------ DATA EXCERPT

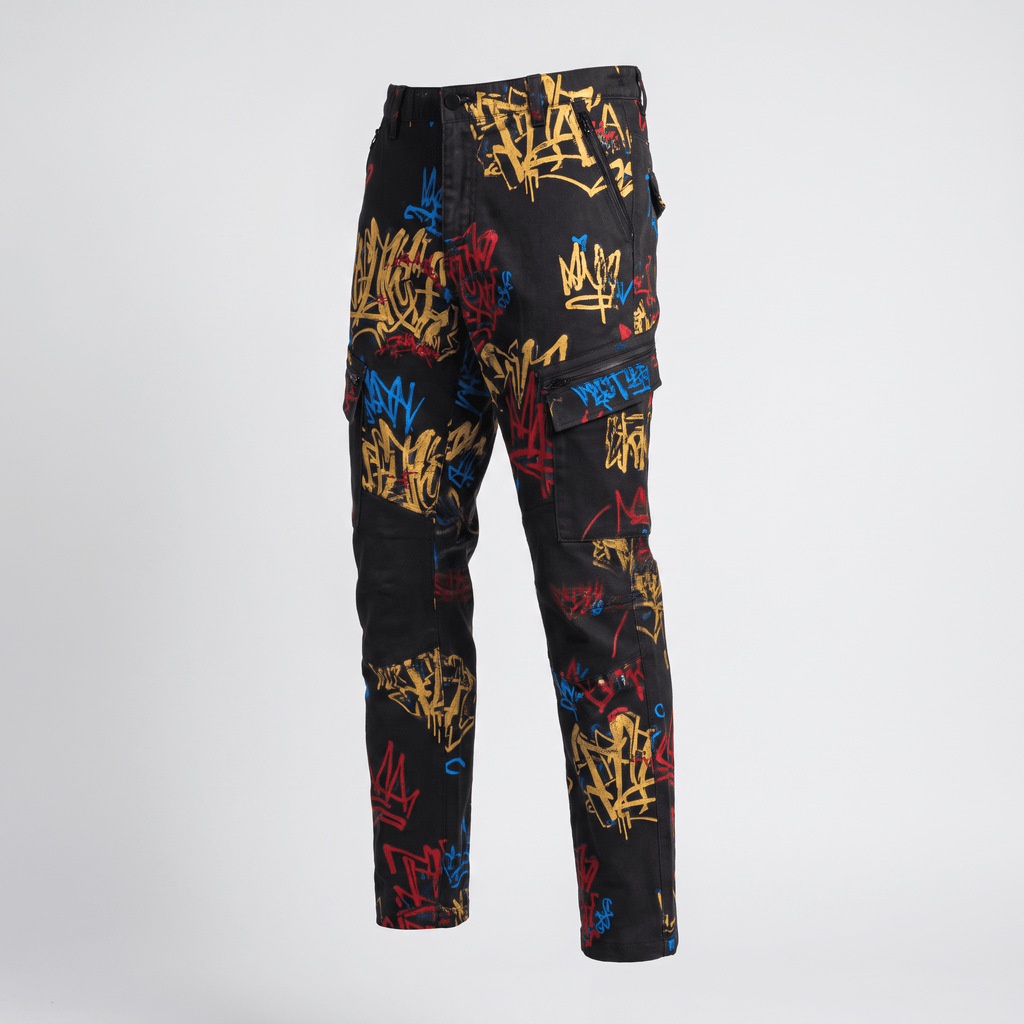 Black cargo pants with colorful graffiti print in yellow, blue, and red against a plain background.
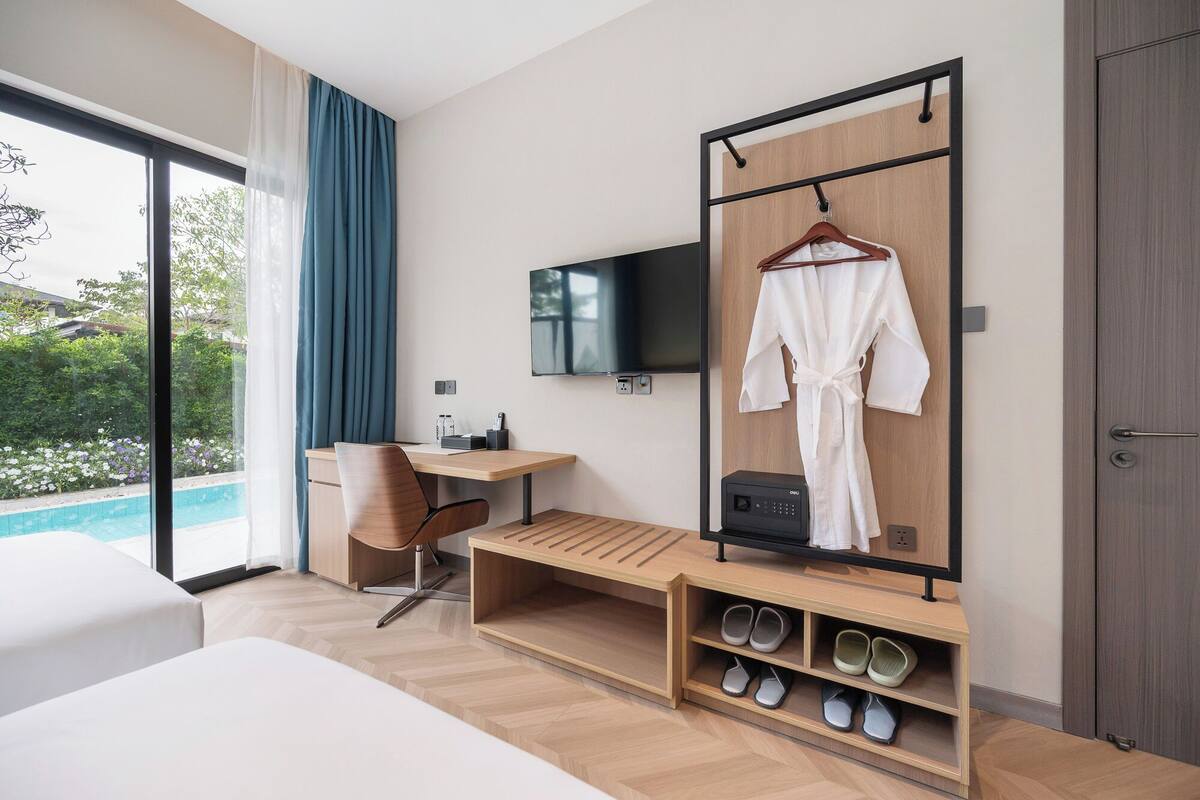 Una habitación de hotel moderna con una cama grande, un escritorio con una silla, un televisor montado en la pared, una bata colgada en un perchero y un mueble para guardar zapatos.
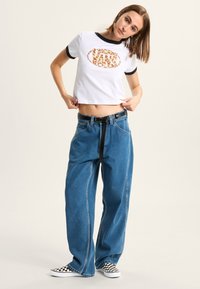White cropped t-shirt with black ringer neckline and a leopard-print Vans logo; loose blue jeans with black belt; checkered slip-on shoes.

------------

WORK REQUEST: The answer should consist solely of the lines from the one containing "Una habitación de" through the last line of the material, copied exactly, with pictures left out.

ANSWER AREA:
 Una habitación de hotel moderna con una cama grande, un escritorio con una silla, un televisor montado en la pared, una bata colgada en un perchero y un mueble para guardar zapatos.
White cropped t-shirt with black ringer neckline and a leopard-print Vans logo; loose blue jeans with black belt; checkered slip-on shoes.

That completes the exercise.